Short text fragments from websites:
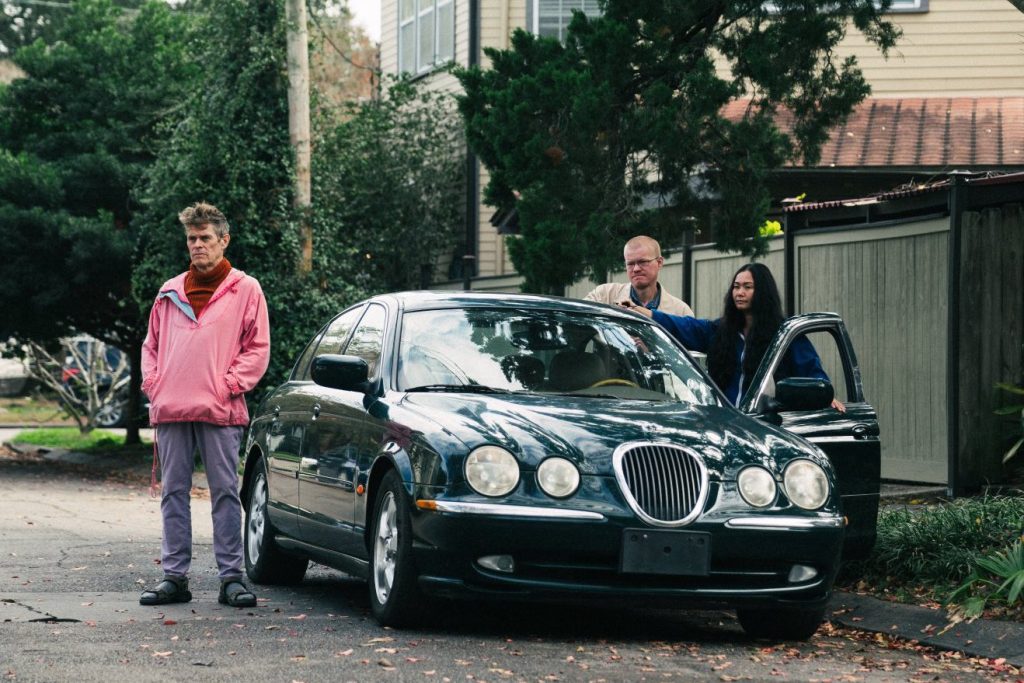 Willem Dafoe, Jesse Plemons and Hong Chau in Yorgos Lanthimos' 'Kinds of Kindness'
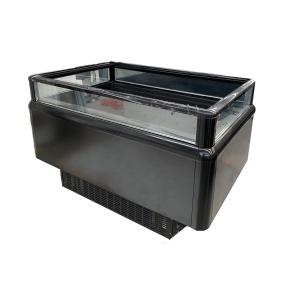 China High Quality Self Contained Dual Temp Island Open Display Case Merchandiser 57&quot; Wide factory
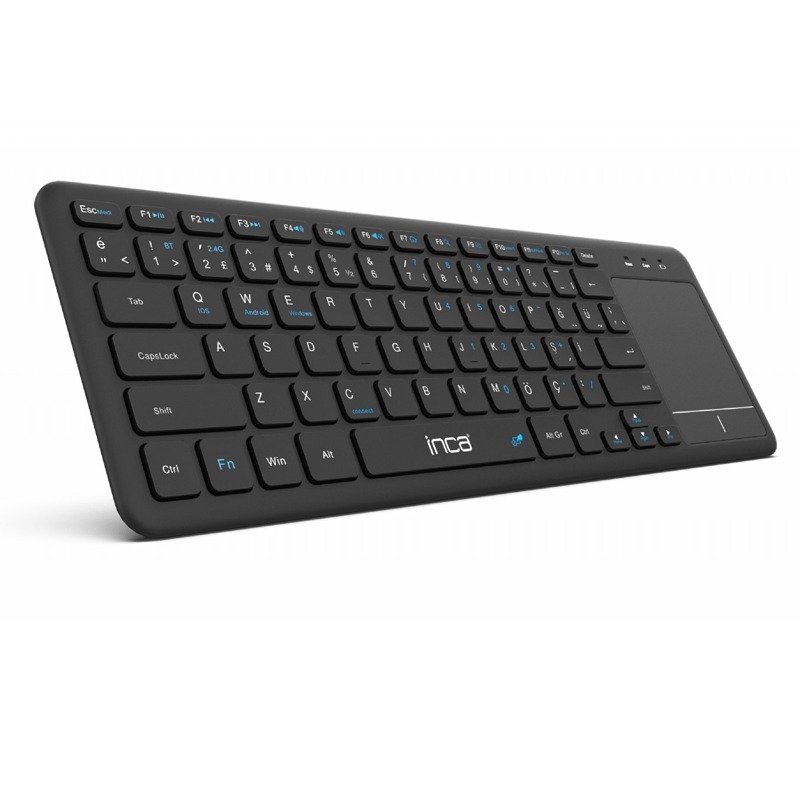 Clavier Sans Fil INCA IBK-568BT - Noir 2 clavier sans fil inca ibk bt noir x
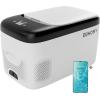 imageEUHOMY 12 Volt Refrigerator 17QT16L Car Refrigerator APP Control Car Fridge 110240V AC 1224V DC Portable Freezer 468 12V Cooler For Van Fishing Camping Travel HomeWhite Black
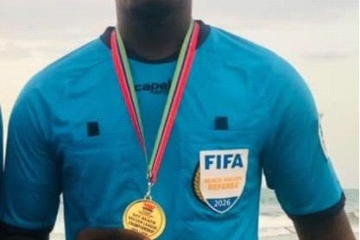 Beach Soccer qualifiers: Omar Kebbeh appointed reserve assistant referee for Nigeria, Ghana encounter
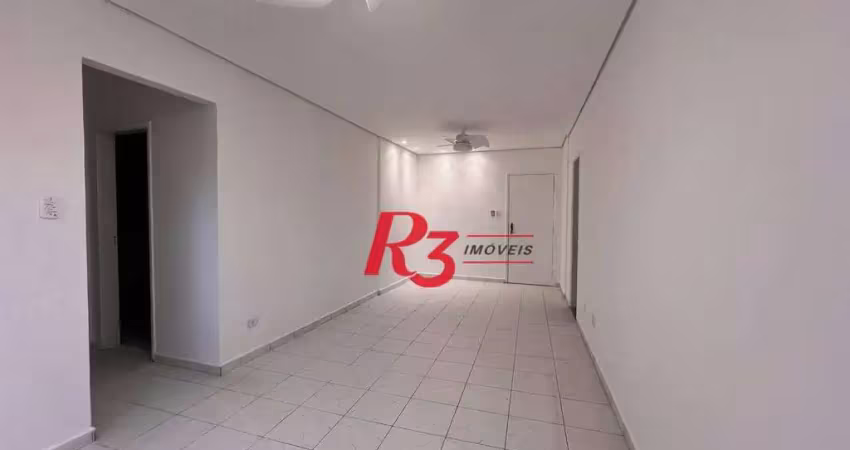 Apartamento com 2 dormitórios para alugar, 88 m² por r$ 3.500,00/mês - campo grande - santos/sp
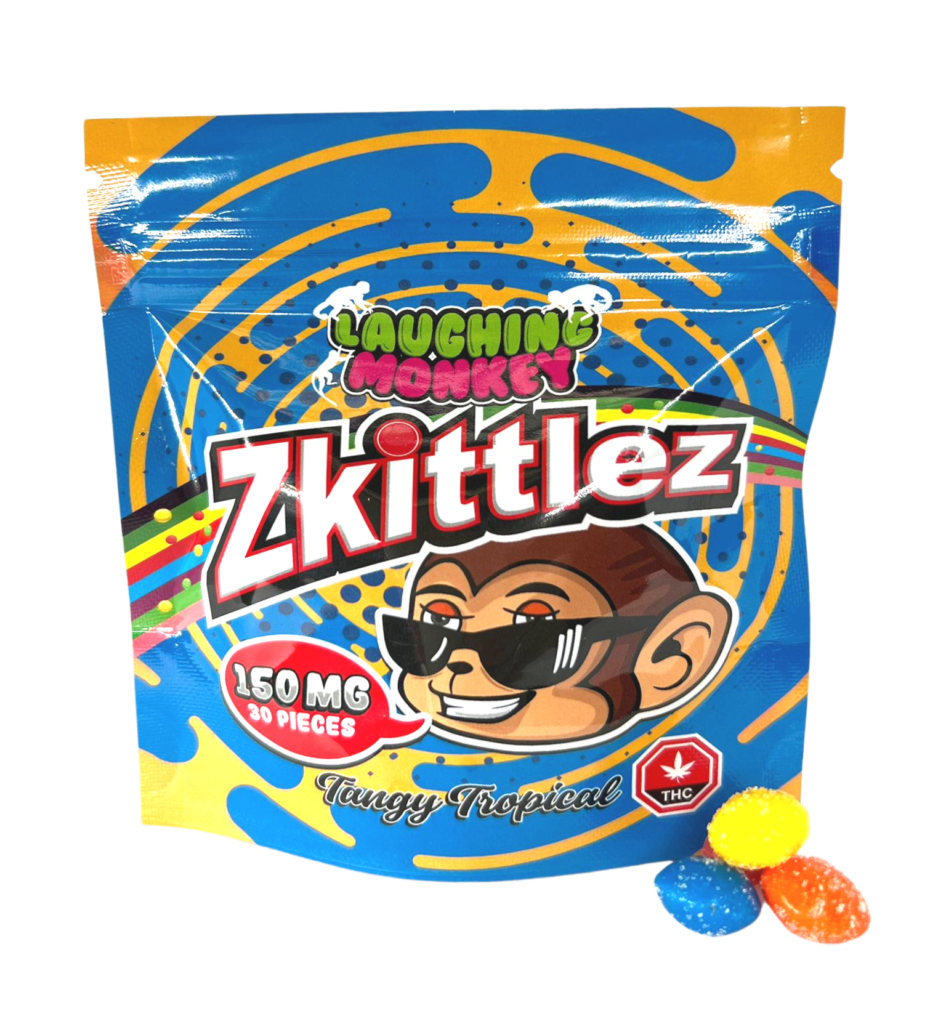 Buy Laughing Monkey Sour Tropical Zkittlez (150MG) Online at Top Shelf BC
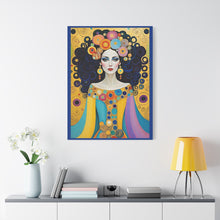 Load image into Gallery viewer, Canvas Print - Colorful Woman Portrait April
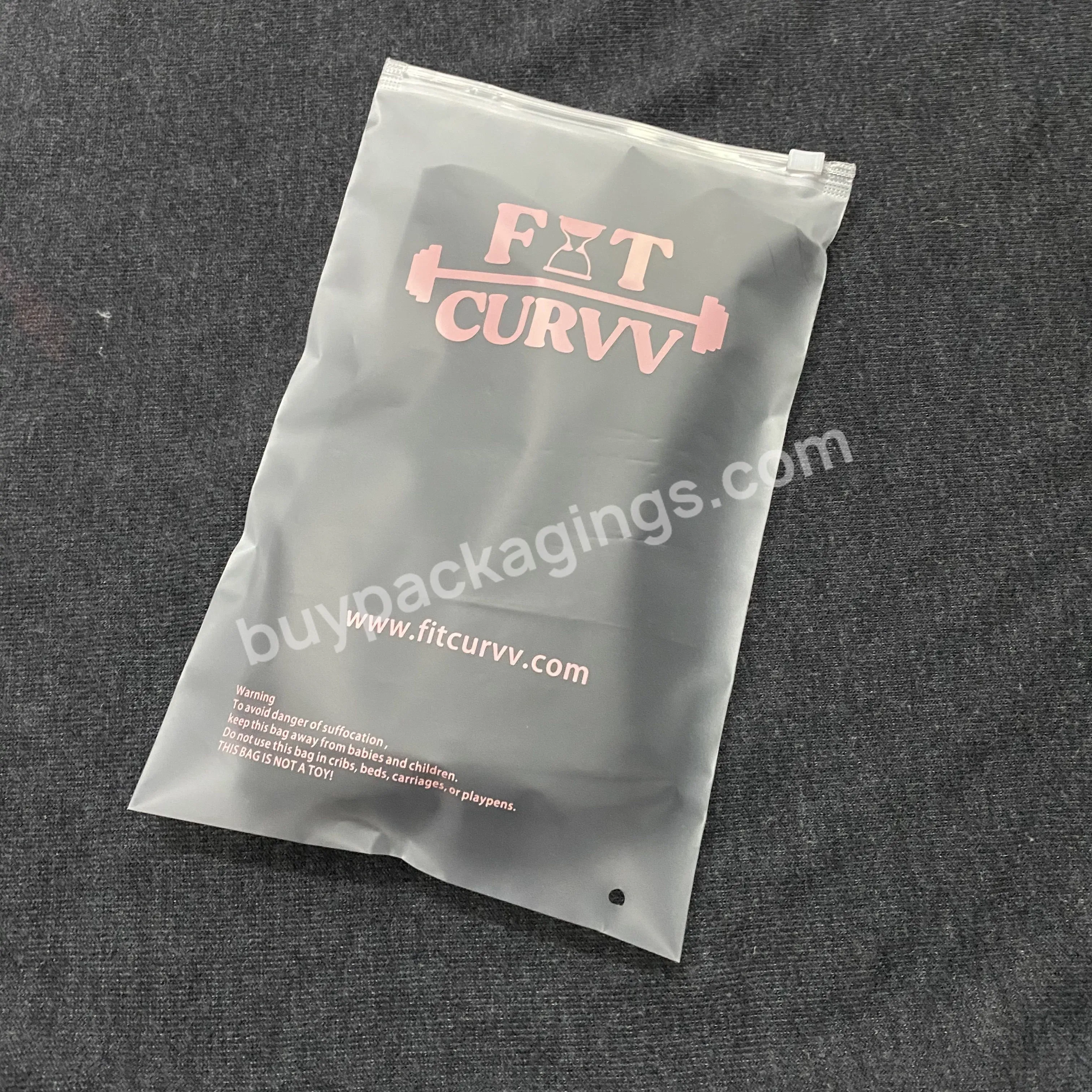 High-quality Customizable Double-sided Frosted Transparent Zipper Bag Self-sealing For Storage And Clothing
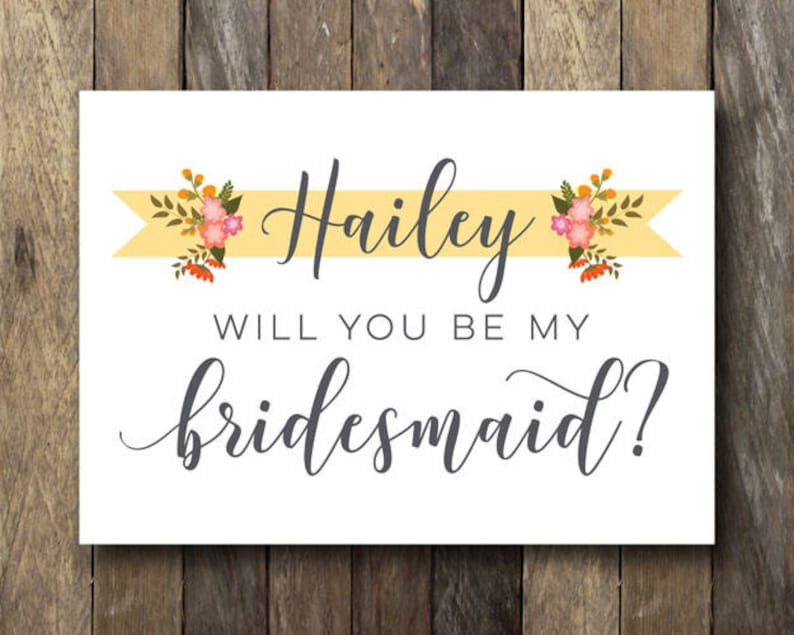 Be My Bridesmaid Card - Printable Bridesmaid Playing cards - Be my Bridesmaid - Tailored Bridesmaid Card - Will Yourself be my Bridesmaid picture regarding Printable Bridesmaid Cards called Be My Bridesmaid Card - Printable Bridesmaid Playing cards - Be my Bridesmaid - Custom-made Bridesmaid Card - Will Yourself be my Bridesmaid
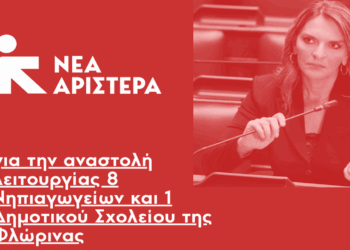 Π. Πέρκα: «Η αναστολή λειτουργίας 9 σχολείων στη Φλώρινα είναι αντανάκλαση του οξυμένου δημογραφικού και της ερήμωσης της περιοχής»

TASK ITEM =>
Could the entries above be copied out exactly, with no pictures included?

REPLY =>
 Willem Dafoe, Jesse Plemons and Hong Chau in Yorgos Lanthimos' 'Kinds of Kindness'
 China High Quality Self Contained Dual Temp Island Open Display Case Merchandiser 57&quot; Wide factory
 Clavier Sans Fil INCA IBK-568BT - Noir 2 clavier sans fil inca ibk bt noir x
 imageEUHOMY 12 Volt Refrigerator 17QT16L Car Refrigerator APP Control Car Fridge 110240V AC 1224V DC Portable Freezer 468 12V Cooler For Van Fishing Camping Travel HomeWhite Black
 Beach Soccer qualifiers: Omar Kebbeh appointed reserve assistant referee for Nigeria, Ghana encounter
 Apartamento com 2 dormitórios para alugar, 88 m² por r$ 3.500,00/mês - campo grande - santos/sp
 Buy Laughing Monkey Sour Tropical Zkittlez (150MG) Online at Top Shelf BC
 Load image into Gallery viewer, Canvas Print - Colorful Woman Portrait April
 High-quality Customizable Double-sided Frosted Transparent Zipper Bag Self-sealing For Storage And Clothing
 Be My Bridesmaid Card - Printable Bridesmaid Playing cards - Be my Bridesmaid - Tailored Bridesmaid Card - Will Yourself be my Bridesmaid picture regarding Printable Bridesmaid Cards called Be My Bridesmaid Card - Printable Bridesmaid Playing cards - Be my Bridesmaid - Custom-made Bridesmaid Card - Will Yourself be my Bridesmaid
 Π. Πέρκα: «Η αναστολή λειτουργίας 9 σχολείων στη Φλώρινα είναι αντανάκλαση του οξυμένου δημογραφικού και της ερήμωσης της περιοχής»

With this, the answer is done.